On bute sur la règle de droit qui veut que, en matière de meubles, possession vaille titre. Et il n’est pas facile de demander à un vendeur d’où vient le bien qu’il propose. Il faut des textes qui permettent au commissaire-priseur d’être plus insistant auprès du vendeur. C’est un choix politique qui ne relève pas du Conseil. Mais le Conseil a un rôle à jouer auprès de l’État pour trouver la bonne formulation. En tout cas nous devons avancer sur le sujet de la provenance, qui me semble être devenu aussi important que celui de l’authenticité. Nous devons donner des outils aux opérateurs, par exemple un accès plus facile aux bases de données des objets volés, interconnecter ces fichiers… Cela va de pair avec notre chantier sur la formation continue. J’en profite pour ajouter un troisième chantier à ouvrir : celui sur l’estimation du prix des œuvres ; il s’agit de comprendre la mécanique de formation des prix. C’est important pour les commissaires-priseurs dont l’une des missions est de donner une valeur aux biens.

Que pensez-vous de la proposition 14 qui interdirait toute vente de gré à gré d’un objet cinq ans après une vente publique ?

La pudeur m’interdit de commenter une telle proposition.

Êtes-vous candidat à votre renouvellement ?

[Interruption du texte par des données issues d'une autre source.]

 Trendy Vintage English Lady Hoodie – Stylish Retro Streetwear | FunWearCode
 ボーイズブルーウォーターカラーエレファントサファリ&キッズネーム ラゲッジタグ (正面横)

Le président sera nommé par le garde des Sceaux, avec toutes les personnalités qualifiées qui auront été désignées. J’ai rencontré les ministres de la Justice et de la Culture. Et, oui, je suis candidat à ma reconduction pour ce poste bénévole. J’aime ce métier bien particulier. Je souhaiterais achever ce qui a été entrepris et lancer de nouveaux chantiers qui me semblent importants. Contribuer au rayonnement de la France est le fil rouge de ma carrière, comme Joseph Caillaux dont je vais prochainement publier une édition commentée des Mémoires.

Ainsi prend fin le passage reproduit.